◆ Problem statement
Only the lines from the one containing "Plazuela Miguel Auza-萨卡特卡斯必去景点" through the last line of the material should be returned, each exactly as it stands.

◆ Listed records
----------------

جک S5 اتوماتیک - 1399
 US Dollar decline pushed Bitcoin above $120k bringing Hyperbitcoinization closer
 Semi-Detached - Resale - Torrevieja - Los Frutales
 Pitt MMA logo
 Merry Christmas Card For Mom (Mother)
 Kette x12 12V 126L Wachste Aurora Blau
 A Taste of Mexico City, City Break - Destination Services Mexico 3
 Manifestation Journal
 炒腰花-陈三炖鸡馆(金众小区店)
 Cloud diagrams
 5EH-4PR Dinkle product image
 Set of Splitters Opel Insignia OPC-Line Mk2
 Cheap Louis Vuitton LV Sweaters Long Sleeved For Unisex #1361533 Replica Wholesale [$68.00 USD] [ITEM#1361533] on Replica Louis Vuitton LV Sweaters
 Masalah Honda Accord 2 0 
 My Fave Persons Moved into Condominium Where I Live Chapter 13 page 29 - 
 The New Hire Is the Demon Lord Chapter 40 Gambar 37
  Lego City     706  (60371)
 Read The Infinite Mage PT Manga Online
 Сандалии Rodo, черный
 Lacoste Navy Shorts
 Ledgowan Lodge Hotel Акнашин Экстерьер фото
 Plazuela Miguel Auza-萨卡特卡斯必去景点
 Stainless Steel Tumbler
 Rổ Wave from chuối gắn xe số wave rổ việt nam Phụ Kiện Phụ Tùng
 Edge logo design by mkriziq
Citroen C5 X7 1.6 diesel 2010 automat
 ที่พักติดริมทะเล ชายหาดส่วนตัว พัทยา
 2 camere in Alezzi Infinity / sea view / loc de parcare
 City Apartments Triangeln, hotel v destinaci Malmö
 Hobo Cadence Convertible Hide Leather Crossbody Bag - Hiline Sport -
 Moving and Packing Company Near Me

----------------

◆ Answer to the exercise
 Plazuela Miguel Auza-萨卡特卡斯必去景点
 Stainless Steel Tumbler
 Rổ Wave from chuối gắn xe số wave rổ việt nam Phụ Kiện Phụ Tùng
 Edge logo design by mkriziq
Citroen C5 X7 1.6 diesel 2010 automat
 ที่พักติดริมทะเล ชายหาดส่วนตัว พัทยา
 2 camere in Alezzi Infinity / sea view / loc de parcare
 City Apartments Triangeln, hotel v destinaci Malmö
 Hobo Cadence Convertible Hide Leather Crossbody Bag - Hiline Sport -
 Moving and Packing Company Near Me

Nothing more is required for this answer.